TD = 0.1 * x1 + 1 * x2 + 3 * x3 + 5 * x4 + 7 * x5 + 10 * x6

TL = x1 + x2 + x3 + x4 + x5 + x6

TC = 12 * x1 + 17 * x2 + 25 * x3 + 33 * x4 + 42 * x5 + 52 * x6

So, would the configuration look like this?

A =

| .1 1 3 5 7 10 |

| 1 1 1 1 1 1 |

| 12 17 25 33 42 53 |

b =


x =

[x1 x2 x3 x4 x5 x6]

What could be an appropriate approximation method to solve this problem? I try to avoid being mean, but I'm not sure where to start. Would the downhill slope suit something like that? Thank you

Mathematical Optimization – Modify / Optimize a Double Sum with a If Condition

I would like to better understand the double summations of which one of the sums depends on the upper limit of the previous sum. This frequently appears in the theory of representation (to the extent of my knowledge) and in some systems of physics. With representations of the form $[a,b,c]$ or even of a simpler form, it is tricky – at least for me – as I explain below.

Ideally, I would like to understand how I can effectively implement something like the following example of representations.

Consider the formula:

$$[0,p_1,0] otimes [0,p_2,0] = sum_ {k_1 = 0} ^ {p_1} sum_ {k_2 = 0} ^ {p_1-k_1} [k_1,p_2-p_1+2k_2,k_1] $$
with $ p_1 leq p_2 $.

It is essentially a decomposition of representations; each term $[a,b,c]$ is a representation to be more concrete.

Here is a minimal and non-trivial example of what he should give:

$$[0,2,0] otimes [0,2,0] = [0,0,0] oplus [0,2,0] otimes [0,4,0] otimes [2,0,2] otimes [1,0,1] otimes [1,2,1]$$

What I have implemented is the following:

break down[p1_, p2_] : =
Module[{x1 = p1, x2 = p2}, 
  If[x1 <= x2, 
   Sum[Print[k1, x2 - x1 + 2 k2, k1], {k1, 0, x1}, {k2, 0, x1 - k1}

Impression["Wrong values for the p1 and the p2"]]]
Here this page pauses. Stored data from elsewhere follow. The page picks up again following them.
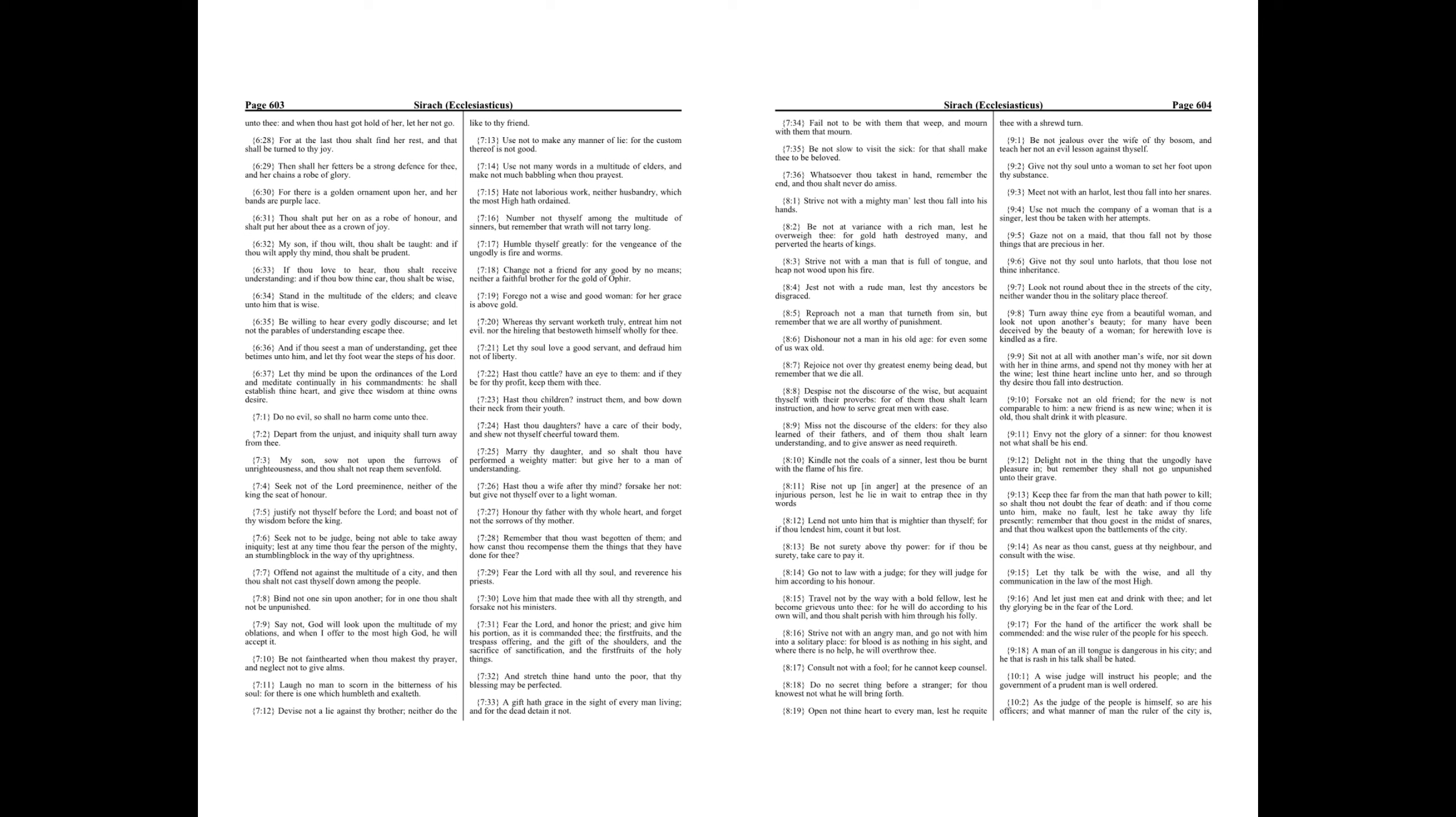Change not a friend for any good by no means, neither a faithful brother for the gold of Ophir. Forgo not a wise and good woman, for her grace is above gold.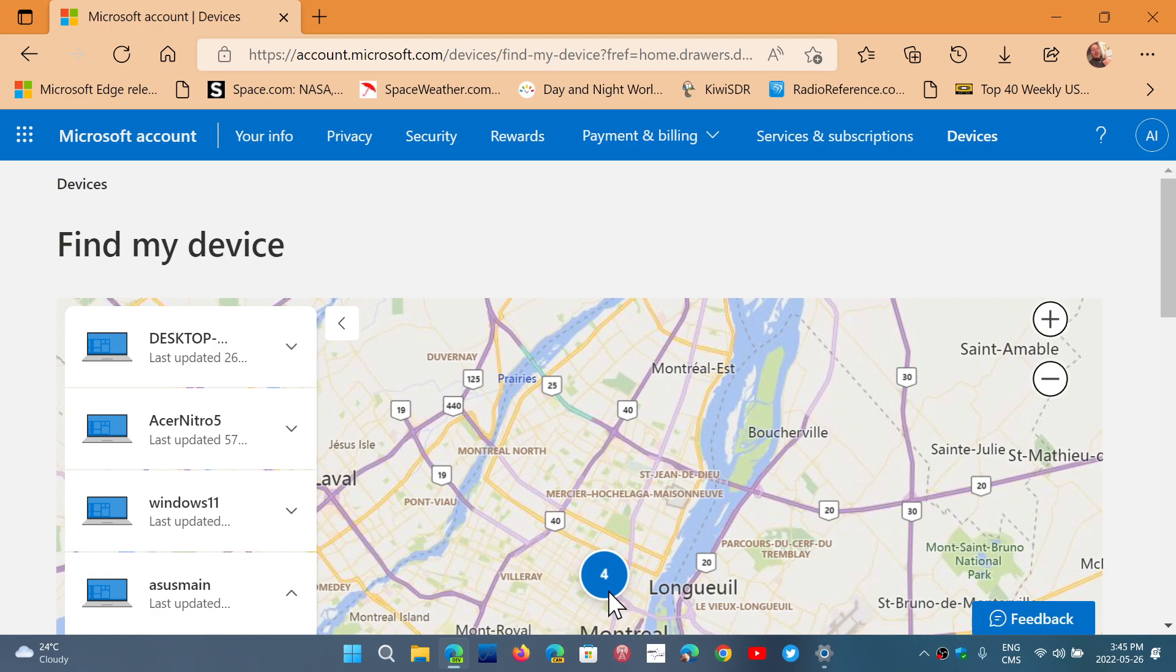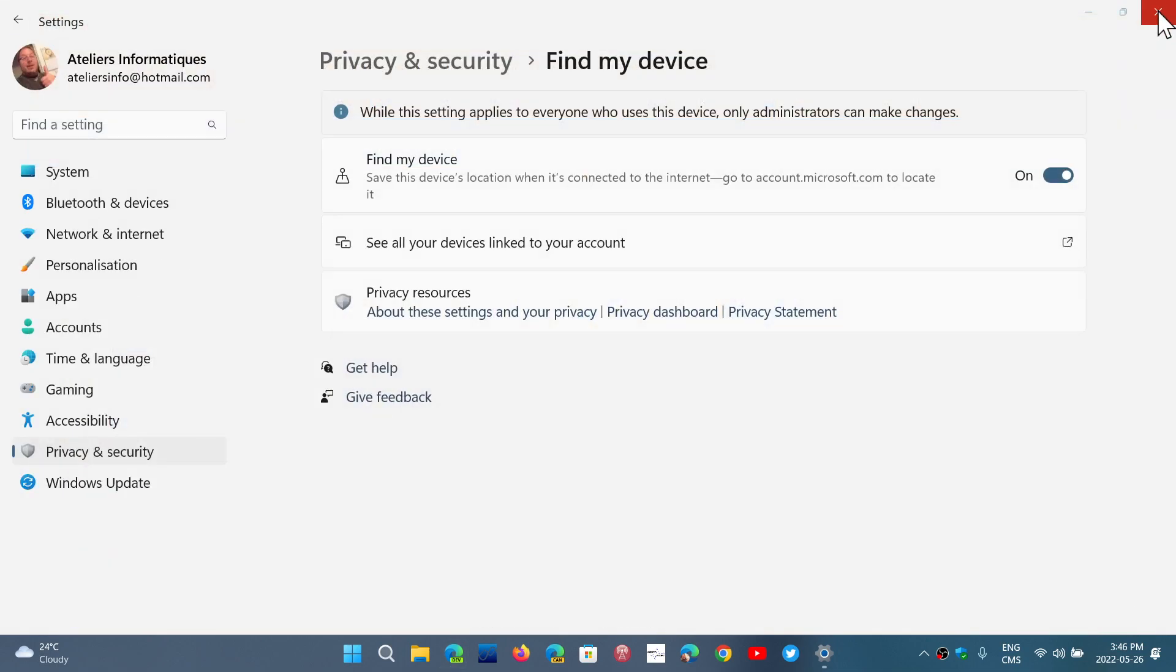So this is an option that can still be useful even though it has limited value depending on what happens. I think it should be on anyway, just to make sure. So Find My Device is an option where you can find your devices if you misplace them or they got stolen possibly.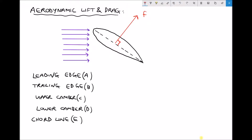The lift force acts perpendicular to the wind — vertically, F subscript L. The drag force acts parallel to the wind. Depending on the angle of pitch of the blade, we get different total aerodynamic forces and different ratios of lift to drag. The lift-to-drag ratio is the lift force divided by the drag force. We're trying to achieve the desired lift force whilst minimising drag, since drag tends to bend the wind turbine blades while lift causes the rotor to rotate.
And to achieve the above example, one must perform the simple

break down[2, 2]

If you try to execute this command, the absolute timing is $ 0,000328- you get the correct decompositions and none are missing. Once the representations are printed, I receive the following message:

6 Null

Six is ​​the number of terms; which is great and very useful because I wanted to implement a command m indicating the number of terms that I would get after the decomposition. I understand why I receive the Null. This comes from the way I wrote the sum. However, I have not been able to solve the problem. Namely, if I polish the implementation of the sum, the code does not work.

Punchline: I wish I could run the order and get something like -for the example above-

There are 6 channels







Thank you in advance.

P.S: A little more generally, I think, is the equivalent of asking how I can ask Mma to do a summation or product in a symbolic form and not by actually calculating the traditional algebraic problem.

optimization – Optimal implementation of an animation in UE4

We have already created the runway spline animation of a tank, but this one uses a lot of memory because it is implemented in a tick function. So he has to check every second, but as you may know, it takes a lot of resources if there are more than 10 tanks.

I would like to ask if you have an optimal solution to this problem or if you have faced such problems.

P.S. would be great if the solution in the plans.

Thank you!

Variable in the exhibitor in an optimization problem

I've plugged the following problem

Minimize[{X^zz>=1z[{X^zz>=1z[{x^zz>=1z[{x^zz>=1z<= 10, x >= 1}, {x, z}

Can any one please explain why the software does not provide the solution? Clearly the solution is $ x = $ 1 and $ 1 leq z leq10 $.